During the training you will have an opportunity to execute attacks based on real–world scenarios in an isolated environment and observe the way they are detected by the F-Secure Rapid Detection & Response service. For each attack most effective ways of analysis and response will be discussed.

Upon the completion of the training, you will have the basic technical skills needed to detect and eradicate threat actors on both Windows and Linux. You will also be able to use F-Secure Rapid Detection & Response Portal in order to retrieve additional information useful during incident analysis.

The training includes theoretical introduction and hands–on workshops within the F-Secure Playground environment, giving each participant access to a private lab environment to experiment in. Both Windows and Linux scenarios will be considered.

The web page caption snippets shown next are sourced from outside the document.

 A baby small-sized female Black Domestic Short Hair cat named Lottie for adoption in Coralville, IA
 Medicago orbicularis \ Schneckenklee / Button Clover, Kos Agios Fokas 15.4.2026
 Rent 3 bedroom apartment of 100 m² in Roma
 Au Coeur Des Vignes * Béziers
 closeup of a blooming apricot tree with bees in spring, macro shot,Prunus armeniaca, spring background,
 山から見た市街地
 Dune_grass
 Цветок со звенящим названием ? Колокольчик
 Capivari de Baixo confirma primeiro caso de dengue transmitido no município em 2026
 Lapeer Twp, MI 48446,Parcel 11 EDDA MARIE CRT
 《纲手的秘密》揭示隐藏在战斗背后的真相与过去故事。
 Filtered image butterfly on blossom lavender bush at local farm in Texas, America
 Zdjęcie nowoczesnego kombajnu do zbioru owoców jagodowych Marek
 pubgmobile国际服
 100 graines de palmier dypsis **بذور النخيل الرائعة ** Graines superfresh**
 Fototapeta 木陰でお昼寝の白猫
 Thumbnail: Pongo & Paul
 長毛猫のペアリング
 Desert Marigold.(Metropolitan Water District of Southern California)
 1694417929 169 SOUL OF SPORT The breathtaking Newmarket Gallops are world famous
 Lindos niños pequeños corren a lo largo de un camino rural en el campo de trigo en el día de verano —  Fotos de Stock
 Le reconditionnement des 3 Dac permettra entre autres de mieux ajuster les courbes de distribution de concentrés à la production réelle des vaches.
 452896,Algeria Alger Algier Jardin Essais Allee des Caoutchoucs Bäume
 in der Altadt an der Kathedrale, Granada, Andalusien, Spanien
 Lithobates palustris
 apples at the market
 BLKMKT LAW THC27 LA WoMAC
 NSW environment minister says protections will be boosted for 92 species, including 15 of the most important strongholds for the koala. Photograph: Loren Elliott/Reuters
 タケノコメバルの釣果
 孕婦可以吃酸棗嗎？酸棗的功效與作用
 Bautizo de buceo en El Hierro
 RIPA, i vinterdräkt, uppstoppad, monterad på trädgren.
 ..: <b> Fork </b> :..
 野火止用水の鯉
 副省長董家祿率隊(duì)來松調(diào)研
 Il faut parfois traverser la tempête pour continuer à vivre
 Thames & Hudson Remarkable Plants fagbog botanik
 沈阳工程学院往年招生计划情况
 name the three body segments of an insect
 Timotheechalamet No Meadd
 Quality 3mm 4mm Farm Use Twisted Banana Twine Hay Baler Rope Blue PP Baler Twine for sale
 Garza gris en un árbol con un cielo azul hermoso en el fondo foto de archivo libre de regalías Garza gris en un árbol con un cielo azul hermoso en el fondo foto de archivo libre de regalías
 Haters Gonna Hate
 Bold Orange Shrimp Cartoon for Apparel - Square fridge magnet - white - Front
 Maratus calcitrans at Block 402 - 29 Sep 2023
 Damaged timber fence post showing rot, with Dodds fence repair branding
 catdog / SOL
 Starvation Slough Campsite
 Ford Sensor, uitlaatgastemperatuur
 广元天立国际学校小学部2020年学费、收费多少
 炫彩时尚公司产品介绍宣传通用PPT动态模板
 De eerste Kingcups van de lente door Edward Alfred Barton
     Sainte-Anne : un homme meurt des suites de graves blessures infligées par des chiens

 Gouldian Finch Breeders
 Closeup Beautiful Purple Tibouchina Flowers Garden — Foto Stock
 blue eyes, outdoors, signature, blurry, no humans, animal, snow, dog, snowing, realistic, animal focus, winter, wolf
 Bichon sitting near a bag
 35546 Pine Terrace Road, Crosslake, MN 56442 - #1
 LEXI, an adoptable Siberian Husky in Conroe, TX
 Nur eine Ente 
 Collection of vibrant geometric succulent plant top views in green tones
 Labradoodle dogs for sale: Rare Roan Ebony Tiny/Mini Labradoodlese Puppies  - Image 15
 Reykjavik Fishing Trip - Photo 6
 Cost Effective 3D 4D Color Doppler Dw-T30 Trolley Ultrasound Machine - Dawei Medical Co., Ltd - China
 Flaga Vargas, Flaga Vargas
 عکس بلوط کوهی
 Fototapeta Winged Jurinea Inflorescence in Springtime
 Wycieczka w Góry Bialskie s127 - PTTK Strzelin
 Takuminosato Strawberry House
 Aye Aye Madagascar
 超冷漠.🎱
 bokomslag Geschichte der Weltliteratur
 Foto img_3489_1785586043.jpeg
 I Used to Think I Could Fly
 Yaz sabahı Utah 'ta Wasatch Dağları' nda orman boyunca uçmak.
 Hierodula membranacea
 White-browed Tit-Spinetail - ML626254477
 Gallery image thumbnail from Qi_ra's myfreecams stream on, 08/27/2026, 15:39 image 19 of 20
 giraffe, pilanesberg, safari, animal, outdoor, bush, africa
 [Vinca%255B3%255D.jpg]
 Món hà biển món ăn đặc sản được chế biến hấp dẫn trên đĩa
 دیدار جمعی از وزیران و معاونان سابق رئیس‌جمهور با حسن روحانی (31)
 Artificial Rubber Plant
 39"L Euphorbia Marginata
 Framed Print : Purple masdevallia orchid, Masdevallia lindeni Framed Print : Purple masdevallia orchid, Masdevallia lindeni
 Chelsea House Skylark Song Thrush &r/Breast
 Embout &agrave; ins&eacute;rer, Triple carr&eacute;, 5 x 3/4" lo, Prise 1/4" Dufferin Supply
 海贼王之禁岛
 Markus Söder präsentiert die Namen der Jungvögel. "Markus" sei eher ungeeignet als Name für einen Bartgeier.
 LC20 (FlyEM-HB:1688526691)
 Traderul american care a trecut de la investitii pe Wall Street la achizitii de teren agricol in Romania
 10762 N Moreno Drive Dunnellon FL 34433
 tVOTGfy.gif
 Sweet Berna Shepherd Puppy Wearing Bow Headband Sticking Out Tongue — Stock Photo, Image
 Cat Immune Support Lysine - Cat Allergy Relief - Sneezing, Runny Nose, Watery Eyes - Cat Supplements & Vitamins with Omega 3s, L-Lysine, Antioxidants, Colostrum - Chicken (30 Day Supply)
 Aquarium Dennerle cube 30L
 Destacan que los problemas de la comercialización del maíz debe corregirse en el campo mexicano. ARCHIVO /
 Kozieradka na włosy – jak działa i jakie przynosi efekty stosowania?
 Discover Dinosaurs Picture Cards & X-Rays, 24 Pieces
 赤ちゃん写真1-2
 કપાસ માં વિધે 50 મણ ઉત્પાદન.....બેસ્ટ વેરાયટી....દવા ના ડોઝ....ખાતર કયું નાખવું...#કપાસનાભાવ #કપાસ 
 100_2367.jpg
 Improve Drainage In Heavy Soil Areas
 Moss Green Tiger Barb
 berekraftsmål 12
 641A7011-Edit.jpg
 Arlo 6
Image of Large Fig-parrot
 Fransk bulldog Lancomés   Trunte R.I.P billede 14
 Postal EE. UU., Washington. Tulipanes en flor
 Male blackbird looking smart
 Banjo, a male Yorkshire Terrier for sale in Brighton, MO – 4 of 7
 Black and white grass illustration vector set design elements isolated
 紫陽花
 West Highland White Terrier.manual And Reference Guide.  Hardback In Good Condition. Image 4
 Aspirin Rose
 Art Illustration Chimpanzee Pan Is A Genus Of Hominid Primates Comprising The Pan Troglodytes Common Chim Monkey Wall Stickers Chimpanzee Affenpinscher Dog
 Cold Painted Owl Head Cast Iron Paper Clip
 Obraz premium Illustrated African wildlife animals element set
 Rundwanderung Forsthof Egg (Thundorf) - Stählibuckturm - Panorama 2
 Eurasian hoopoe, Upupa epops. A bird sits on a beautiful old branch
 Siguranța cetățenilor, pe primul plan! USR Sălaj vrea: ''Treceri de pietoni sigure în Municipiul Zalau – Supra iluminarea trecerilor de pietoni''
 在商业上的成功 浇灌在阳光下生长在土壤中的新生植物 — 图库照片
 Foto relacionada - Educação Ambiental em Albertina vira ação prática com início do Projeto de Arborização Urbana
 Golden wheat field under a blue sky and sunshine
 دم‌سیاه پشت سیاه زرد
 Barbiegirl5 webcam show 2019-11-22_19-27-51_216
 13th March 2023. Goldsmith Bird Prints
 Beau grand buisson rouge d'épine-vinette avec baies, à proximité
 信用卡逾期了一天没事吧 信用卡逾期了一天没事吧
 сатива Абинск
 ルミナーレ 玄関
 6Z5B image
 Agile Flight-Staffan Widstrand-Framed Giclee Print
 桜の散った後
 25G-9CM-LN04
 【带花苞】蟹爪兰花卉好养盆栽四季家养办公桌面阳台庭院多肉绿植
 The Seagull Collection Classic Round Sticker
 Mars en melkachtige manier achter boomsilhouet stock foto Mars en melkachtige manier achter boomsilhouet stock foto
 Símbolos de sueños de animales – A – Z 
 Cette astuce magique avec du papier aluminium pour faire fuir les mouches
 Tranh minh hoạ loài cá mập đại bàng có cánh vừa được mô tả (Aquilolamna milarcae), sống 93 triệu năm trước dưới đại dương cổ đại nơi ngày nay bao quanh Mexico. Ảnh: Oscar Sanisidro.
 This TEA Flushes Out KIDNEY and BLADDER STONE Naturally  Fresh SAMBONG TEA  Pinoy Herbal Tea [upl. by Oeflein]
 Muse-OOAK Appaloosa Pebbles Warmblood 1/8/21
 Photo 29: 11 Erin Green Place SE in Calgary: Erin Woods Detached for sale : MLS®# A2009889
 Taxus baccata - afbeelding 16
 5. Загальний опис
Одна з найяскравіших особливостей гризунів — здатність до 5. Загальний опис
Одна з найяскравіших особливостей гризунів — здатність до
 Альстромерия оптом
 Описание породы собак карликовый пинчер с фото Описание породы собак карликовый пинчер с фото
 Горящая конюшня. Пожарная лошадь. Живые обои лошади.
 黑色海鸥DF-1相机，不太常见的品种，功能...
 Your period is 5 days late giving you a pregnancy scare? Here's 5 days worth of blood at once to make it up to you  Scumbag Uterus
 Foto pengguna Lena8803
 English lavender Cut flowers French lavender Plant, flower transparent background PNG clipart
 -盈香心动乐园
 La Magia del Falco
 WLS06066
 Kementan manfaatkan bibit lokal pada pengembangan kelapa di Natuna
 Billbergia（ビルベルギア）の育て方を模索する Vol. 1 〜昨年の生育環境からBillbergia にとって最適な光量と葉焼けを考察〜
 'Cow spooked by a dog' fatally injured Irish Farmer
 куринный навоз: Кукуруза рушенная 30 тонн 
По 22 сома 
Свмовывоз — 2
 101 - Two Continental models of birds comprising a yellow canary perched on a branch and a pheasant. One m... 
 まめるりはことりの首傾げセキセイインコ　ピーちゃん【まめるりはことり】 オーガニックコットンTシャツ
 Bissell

The training will cover the following topics:

  • Modern threat detection
  • Microsoft Office offensive macros
  • Attacker tooling
  • Windows process injection
  • Windows Persistence techniques
  • Lateral movement
  • Active Directory
  • Linux exploitation


The Expert level course costs 1000€ per partner contact with partner level discounts available (Platinum 550€, Gold 630€, Silver 750€).

The course requires some technical knowledge on how RDR functions, so we recommend completing F-Secure RDR Technical Training (Basic) in F-Secure Academy before participating. 


10min Introduction
30min Lecture: Threat Intelligence
30min Lecture: Threat Detection
15min Hands-on workshops introduction and lab setup
2h Scenario #1
2h 30min Scenario #2
1h 30min Scenario #3
5min Closing Words


Krzysztof Marciniak
Security Researcher, Business Security R&D, F-Secure

Krzysztof during his 5 years at F-Secure explored different areas of security from developing software to penetration testing and incident response. With his focus on exploitation of Windows systems as well as hardware security, he shares his knowledge internally as well as externally through events such as trainings, conferences and events — including the founding of Poznań Security Meetup in Poland.

Jarosław Kaminski
Principal Security Researcher, Business Security R&D, F-Secure

Jarosław was leading the F-Secure security consulting / penetration testing team in Poznań until he moved to the current role in 2020. With a prior experience as a software developer, system and network administrator, he pursues his interests in a wide spectrum of security topics, focusing particularly on core infrastructure services, network and Linux.